Aggregating information from input signals across multiple sensors, “StatData” has shown potential for detecting shifts in data distribution early on. When compared to single-model OOD detection methods, StatData ranked as the second-best approach, delivering strong AUROC results, particularly for the EA and HS datasets, including both the Valve and Acm tasks. However, the method exhibited significant variability in FPR95, ranging from 10% to 80%, underscoring its inconsistency in detecting certain types of domain shift. Compared to other aggregation-based methods, StatData had the second-highest FPR95, making it less reliable for scenarios requiring low false positive rates. Nonetheless, since it operates independently of the model architecture, StatData can serve as a pre-model selection tool, highlighting potential shifts in data before more computationally intensive models are deployed.
7. Conclusions
In this study, we proposed a robust framework tailored for multi-sensor applications, particularly valuable in high-stakes and costly decision-making areas such as industrial fault detection systems. Our approach demonstrated leading-edge performance across various datasets, accommodating diverse signal lengths and sensor counts. Its adaptability and reliability across the datasets highlight its promising generalizability. While a collection of widely used datasets was employed in this study, the generalizability of the framework to other industrial scenarios may depend on factors such as task specifications, sensor types, and the nature of domain shifts encountered.

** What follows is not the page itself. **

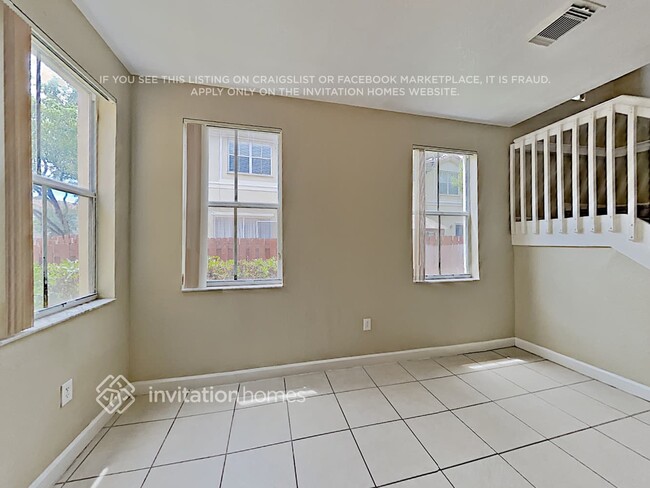 8124 NW 107th Path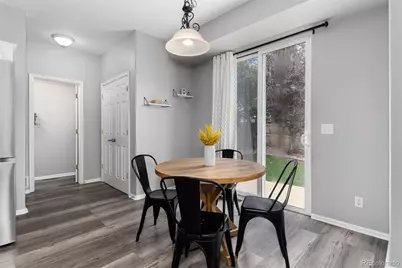 10557 Jaguar Drive, Lone Tree, CO 80124 - Photo 12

Future work should explore these aspects to better understand the framework’s potential and limitations in broader industrial applications.
The datasets used in this study are not explicitly designed to capture domain or distribution shifts. We treated any deviations from the initial working conditions as potential shifts in the distribution. However, further investigation is needed to quantify the degree of deviation from the training distribution within these datasets. Additionally, developing datasets specifically designed to address domain shifts in this field would be highly valuable.
The framework’s model-agnostic design allows it to be extended to ML models beyond DNNs. Although the models in this study were limited to ConvNets, exploring a broader range of DNN architectures or a combination of different models could enhance ensemble diversity, offering a promising direction for future research. Additionally, future studies could investigate different fusion methods and assess how the choice of fusion depth (defined as the stage at which features or decisions are integrated) influences overall performance.
This study’s unique contribution lies in its AutoML approach, which addresses diverse datasets from multi-sensor fault detection use cases while accounting for distribution shifts. By leveraging a flexible design, the framework effectively accommodates variations in sensor data, ensuring consistent performance across a wide range of datasets. While the findings are promising, we hope this work inspires further research to refine and expand similar approaches, enhancing the practical applicability of ML methods in critical industrial settings.